It has recently been reported in both the WSJ and Ars Technica that the police have been using the All Writs Act to compel smartphone manufacturers to unlock devices. Apparently federal magistrates in New York City and Oakland California have relied on the Act to issue orders to compel companies like Apple to unlock phones seized by law enforcement.
No duh. What else would they rely on?
Let’s get this straight. The cops have a seized phone. They have probable cause to believe there is evidence relevant to a crime on the phone. And most importantly, they have a warrant to search the phone. What they don’t have is the ability to unlock the phone. In this case, the order compelling the unlock to Apple is clearly a “writ” “necessary or appropriate in aid of” the court’s other order – the search warrant. It’s hardly controversial.
What IS controversial, however is the extent to which general writs like those issued under the All Writs Act can be used to generate policy generally. For example, under the Communications Assistance to Law Enforcement Act (CALEA) the government can compel telcos to design their digital systems to be “tapable” by law enforcement (at the government’s cost.)
In theory, the government could have just used a writ under the All Writs Act. Same true if the government wants to interconnect all closed circuit cameras in Los Angeles County to a centralized police monitoring station. In theory, such a compulsion could be ordered under the All Writs Act. But it wouldn’t.
The U.S. Supreme Court has held that the All Writs Act can only be used in furtherance of something that is already lawful – it can’t be used to bypass other laws or the Constitution. If a statute or regulation sets out a procedure for doing something, you can’t bypass that procedure with a general writ.
In addition, the writ is intended to extent the Court’s authority to compelling parties to do something in aid of the Court’s jurisdiction. Key word here is “something” not “everything.” Thus, the assistance the court can compel under the act cannot be “unreasonably burdensome” to the party being compelled.
So the Court can compel a telco engineer to place the alligator clips in the right place to do a wiretap (in fact, the wiretap law already compels a certain degree of technical assistance), but cannot compel the telco to rewire a switch. If the government wants to monitor a Facebook chat in real time, and Facebook has that capability, then they can do it. If Facebook doesn’t have that capability, they can’t use the Act to compel Facebook to create that capability.
Similarly, the Court could order an ISP under the All Writs Act to retain the records relating to an account or IP address for a longer period than the ISP’s normal retention schedule. But it could not compel the ISP to retain ALL records for a longer period. That would be unreasonably burdensome.
It’s hardly novel that the government would seek the ISP’s assistance in unlocking a locked phone. Hell, if I lost my iOS 7 phone’s password, I might ask Apple to unlock my phone as well. Whether they would/could do it depends on what’s involved.
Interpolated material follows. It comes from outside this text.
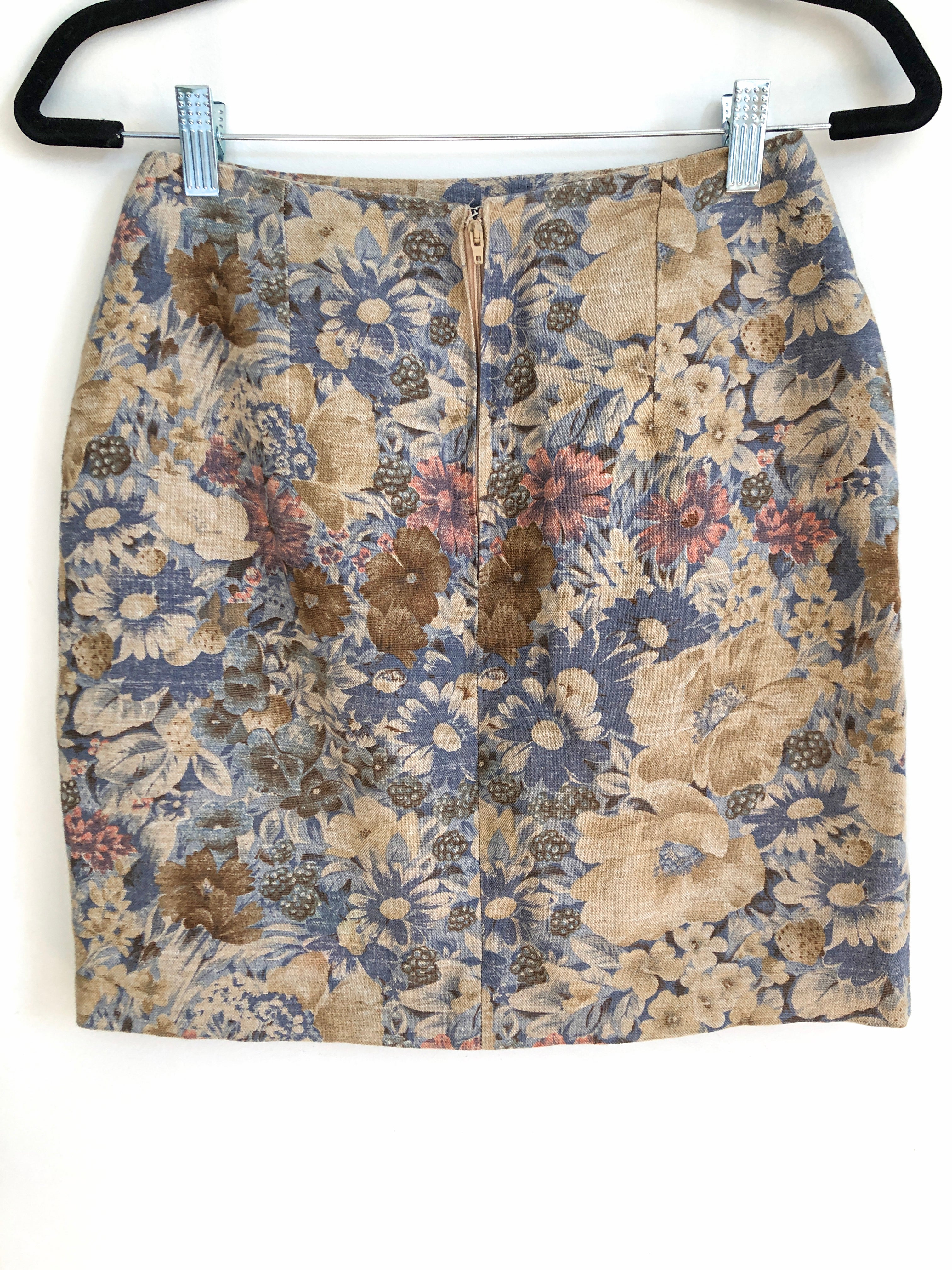 Vintage Linen Floral Mini Skirt, Made in Italy, 26 Inch Waist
The more burdensome it is, the less likely it could be compelled under the Act.
In fact, it was because the government was routinely (or somewhat routinely) asking companies like Apple and Google to unlock seized phones that these companies have decided to not be in the phone unlocking business.
The new OS’s for both Android and Apple give the consumer the control over the locking of the phone – not Apple and Google, and therefore by proxy, not the FBI or NSA. Naturally, the government has cried foul.
The All Writs act is a powerful tool the government can use to, for example, compel OnStar to turn on the GPS tracking or the cell phone in a car. It can’t be used to compel OnStar to build a device for tracking cars.
Judge Posner is right that bad guys and people with something to hide want privacy. So do I. Does that make me a bad guy with something to hide? Probably. At least to the NSA. But I wouldn’t want to be someone with nothing to hide. Those people are boring. And transparent.